Everything but the burger salad
Recipe:
everything but the burger salad
PLANT-BASED | GLUTEN FREE
Total time: 35 mins
Serves: 2
Smoky spiced tofu, tangy quick-pickled gherkins, and a creamy plant-based burger sauce come together over crisp cos lettuce and juicy beef tomatoes, topped with crunchy onions and a sprinkle of sesame seeds.
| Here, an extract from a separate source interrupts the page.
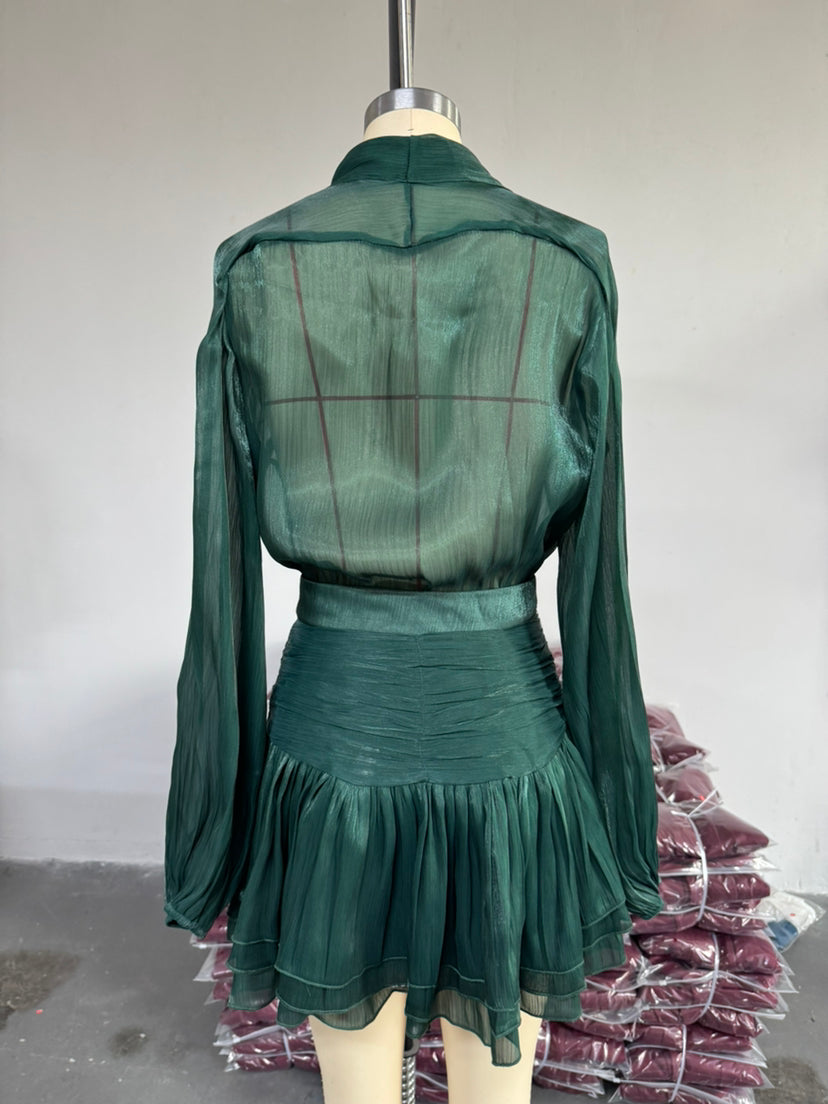 Women Bow Tie Top and Pleated Skirt Casual Two Piece Set 17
It’s all the flavour of your favourite burger, just packed with plant points.
INGREDIENTS
Salad base:
1 cos lettuce, sliced
1 beef tomato, chopped
Smashed patty inspired tofu crumble
1 pack of smoked tofu - crumbled
1 tsp garlic powder
1 tsp onion powder
1 tsp smoked paprika
2 tsp corn flour
Drizzle of olive oil
Salt + pepper
Quick pickle:
1 cucumber
120ml white vinegar
120ml water
1tsp salt
1 tsp maple syrup
½ tsp of chilli flakes
Handful of fresh dill
1 tsp mustard seeds
1 tsp peppercorns
Dressing:
3 tbsp plant-based yoghurt
1 tsp Dijon mustard
1 tsp natural ketchup
½ tsp chipotle
1 tbsp finely chopped pickles
1 tsp pickle brine from our quick pickles
1 tsp maple syrup
Salt + black pepper to taste
Topping:
Crispy onions
Sesame seeds
METHOD
For the quick pickle:
Slice your cucumber into rounds and place into a jar just big enough to hold them snugly.
In a small pan, bring water, vinegar, sea salt, chilli flakes, black peppercorns and mustard seeds to a simmer.
Carefully pour the hot brine over your cucumbers so they’re fully covered.
Let them sit for at least 30 minutes before eating (longer = more flavour).
For the tofu crumble:
Start by crumbling your smoked tofu into small, bite-sized pieces using your hands. Add this to a bowl.
Add garlic powder, onion powder, smoked paprika, a drizzle of olive oil, and a good pinch of salt and pepper to a bowl and toss to coat.
Heat a non-stick pan over medium-high heat and add the tofu mixture. Let it cook undisturbed for a few minutes to get those caramelised bits, then stir occasionally until golden and crisp.
For the dressing:
Start by chopping a handful of pickles finely. Add these to a bowl.
Add the plant-based yoghurt, Dijon mustard, tomato puree, chipotle, pickle brine, maple syrup and salt and pepper to a bowl. Stir to combine into your burger sauce.
To serve:
Wash and chop the cos lettuce and beef tomatoes. Add these to your bowls and begin to layer in your components.
Drizzle over your burger sauce and finish with crispy onions + sesame seeds.